En el siglo XVIII, el convento de San Agustín en la ciudad colonial se convirtió en un inusual refugio para criminales que buscaban evadir la justicia. En 1751, un soldado que había asesinado a una mujer con alevosía se refugió en el convento tras cometer el crimen. Aunque el gobernador Ignacio Sala y el obispo solicitaron un registro exhaustivo del lugar, el criminal logró escapar, y posteriormente fue juzgado y condenado a muerte en ausencia. Se cree que murió de viejo en algún rincón del virreinato.
Ese mismo año, un esclavo conocido como Manuel apuñaló a un niño de cuatro años, hijo de Tomás Landeta. Manuel buscó refugio en el convento, que fue rápidamente cercado por la guardia local. A pesar de las insistentes solicitudes del gobernador y del alcalde López de Puga para permitir el acceso y capturar al criminal, y de la sugerencia del alcalde de ignorar la autoridad eclesiástica si era necesario, Manuel permaneció en el convento y no fue capturado de inmediato.

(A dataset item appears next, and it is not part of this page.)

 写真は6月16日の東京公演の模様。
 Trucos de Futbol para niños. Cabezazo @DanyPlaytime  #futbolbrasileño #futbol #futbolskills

Estos episodios revelan cómo, en tiempos coloniales, los conventos no solo eran lugares de oración y retiro, sino también refugios inesperados para aquellos que buscaban escapar de las autoridades. La resistencia de los representantes eclesiásticos a permitir el acceso de las fuerzas de seguridad pone de manifiesto la tensión entre las leyes civiles y las prerrogativas religiosas de la época.